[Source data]
----------------

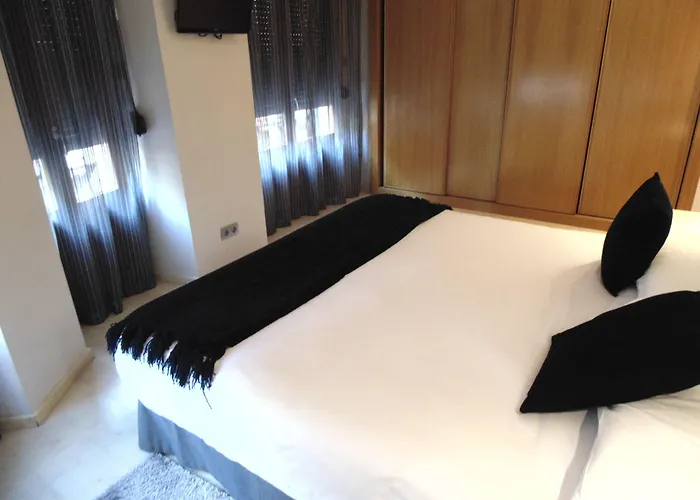 Trueba サン・セバスティアン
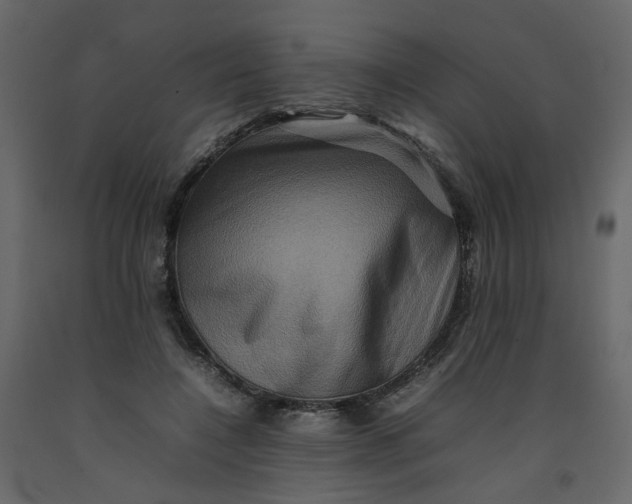 X0000092230548200710051221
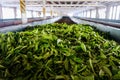 Freshly harvested tea leaves left for drying inside a tea factory in Kandy, Sri Lanka. Nuwara Elliya tea plantations crops Royalty Free Stock Photo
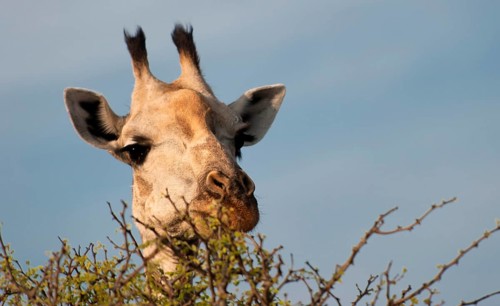 Angolan giraffe (Giraffa angolensis), animal, ungulate, head, head portrait, eats, eating, travel,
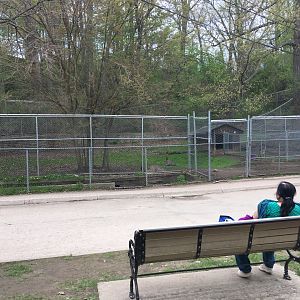 High Park Zoo - Emu Pen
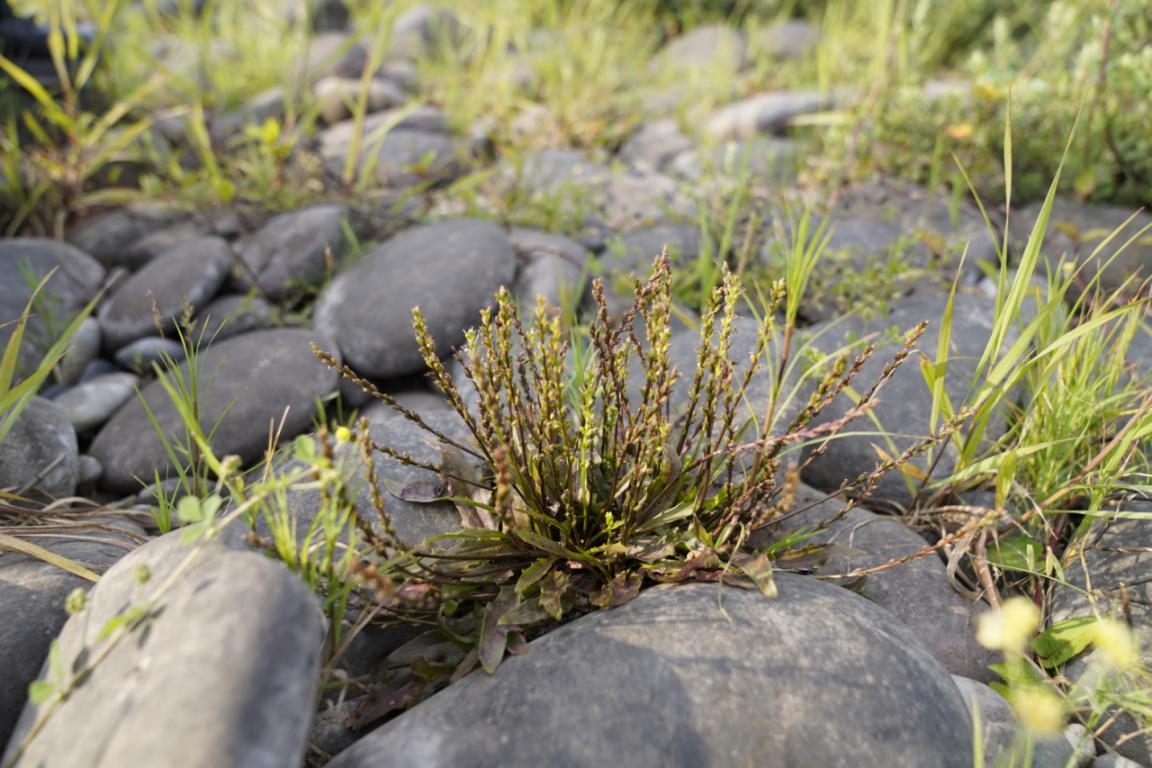 New wild populations of Plantago fengdouensis discovered in Sichuan province and Chongqing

----------------

Each entry above must be repeated word for word, minus its images.

ANSWER BOX:
 Trueba サン・セバスティアン
 X0000092230548200710051221
 Freshly harvested tea leaves left for drying inside a tea factory in Kandy, Sri Lanka. Nuwara Elliya tea plantations crops Royalty Free Stock Photo
 Angolan giraffe (Giraffa angolensis), animal, ungulate, head, head portrait, eats, eating, travel,
 High Park Zoo - Emu Pen
 New wild populations of Plantago fengdouensis discovered in Sichuan province and Chongqing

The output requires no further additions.